Oncology is one such field of medical science that is constantly evolving. The word cancer still evokes fear and shock in everyone’s mind. Cancer is a heterogeneous disease which consists of many different subtypes. Early diagnosis and prognosis of this deadly disease have become a necessity in cancer research. The advent of new technologies in the field of medical sciences have helped the medical research community to analyze a vast amount of data sets. The only hindrance is to access the accurate prediction of the disease, which is interesting and challenging. Adaption of Machine learning techniques have now become a powerful tool to discover and identify patterns between complex data sets and effectively predict the outcomes.
Machine Learning Techniques
Machine learning is a branch of Artificial Intelligence which learns from data samples and use that to classify new data, identify new patterns or predict trends. Machine learning has proven to be a boon for biomedical research to help the researchers search through an n-dimensional space for a given set of samples using different algorithms and techniques. Mainly, there are 2 common types of machine learning methods, supervised learning and unsupervised learning. In supervised learning, data is labeled. The model identifies the labels and groups accordingly. Simply put, the model is provided with all the inputs and then told the expected output. In contrast to this, unsupervised learning methods have no label for data. The models identify different features and classify them based on different characteristics. In this method, the input is provided and the computer then learns to find patterns and make logical classification or groupings.
Application To Cancer Research
The elemental goals of cancer prognosis and prediction are different from the goals of cancer diagnosis and detection. In cancer prediction and prognosis there are three center points:
- Prediction of cancer susceptibility ( risk assessment)

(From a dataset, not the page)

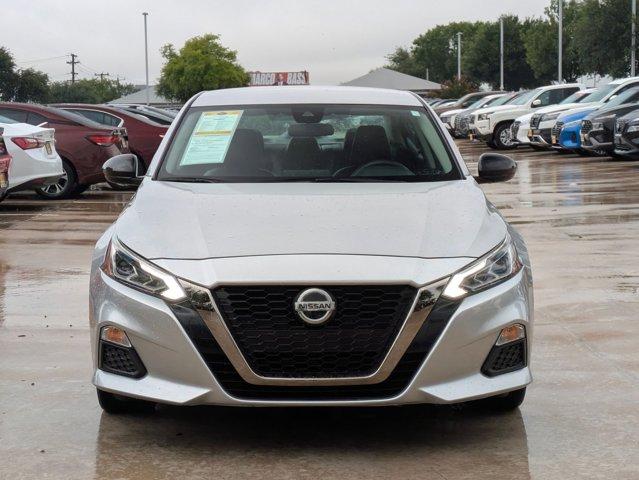 2022 Nissan Altima Vehicle Photo in San Antonio, TX 78209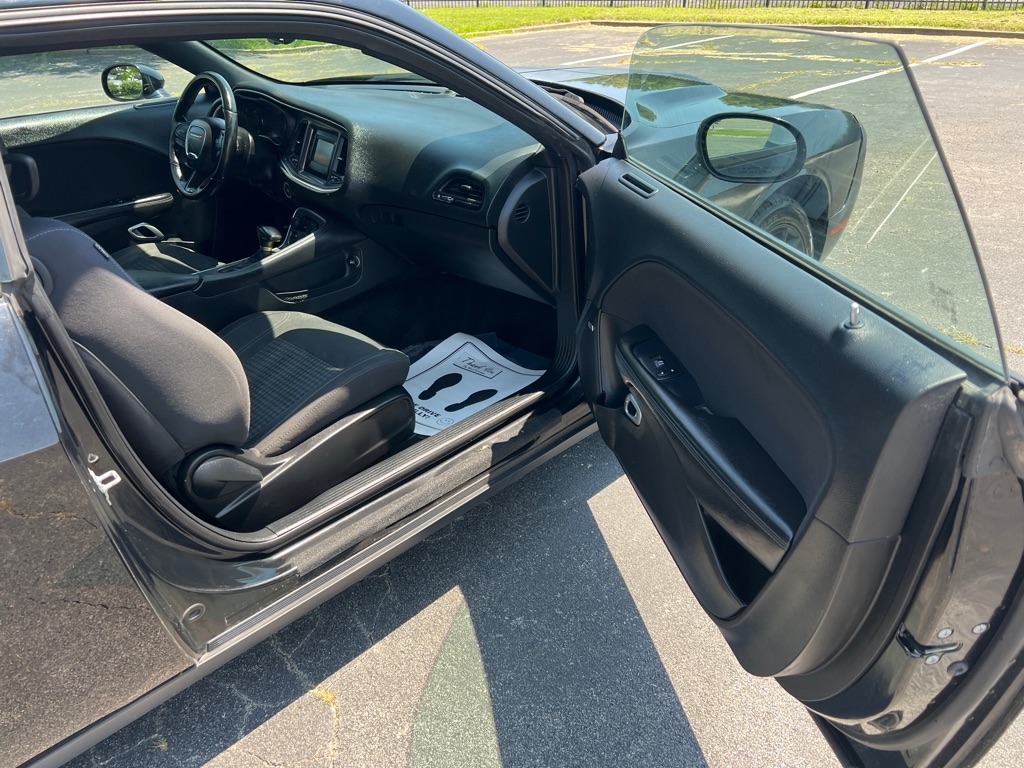 Dodge Challenger SXT 2016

- Prediction of cancer recurrence
- Prediction of cancer survivability
Risk assessment is more about trying to predict the likelihood of developing some type of cancer before the occurrence of the disease. In the prediction of cancer recurrence, one tries to predict the likelihood of redevelopment of cancer, right after the apparent resolution of the disease. The last point, prediction of cancer survivability predicts the outcome after the disease has been diagnosed, such as survivability, life expectancy, progression, tumor-drug sensitivity.
Machine learning helps researchers identify and classify tumors based on growth characteristics: where they grow, size, the speed of spread etc., and group them together based on a similar range of predictive outcomes.
Cancer Detection From Data Sets
Gene expression data is very complex as it is highly dimensional and makes it challenging to leverage that data in cancer detection. Researchers have been able to use deep learning to extract meaningful features from the gene expression data which has enabled the classification of breast cancer cells. In the past, Google’s CNN system has showcased the ability to identify deadline skin cancers. Researchers from China have leveraged deep learning for segmenting brain tumors in Magnetic Resonance (MR) imaging which yielded more stable results in comparison to one done manually by physicians as it was more prone to vision errors. Machine learning has also assisted in measuring the size of tumors undergoing treatment and detect other metastases which might have been overlooked.
The biggest benefit of using Artificial intelligence and machine learning is that these next-gen technologies have the capability to read a vast amount of data with utmost accuracy, thus eliminating the manual time-consuming process. The technologies also help to reduce dependence on the limited judgment and skills of a specialized expert. Machine learning is paving the way for the future in medical sciences since research on cancer, its cure and treatment has been a prominent focus for ages.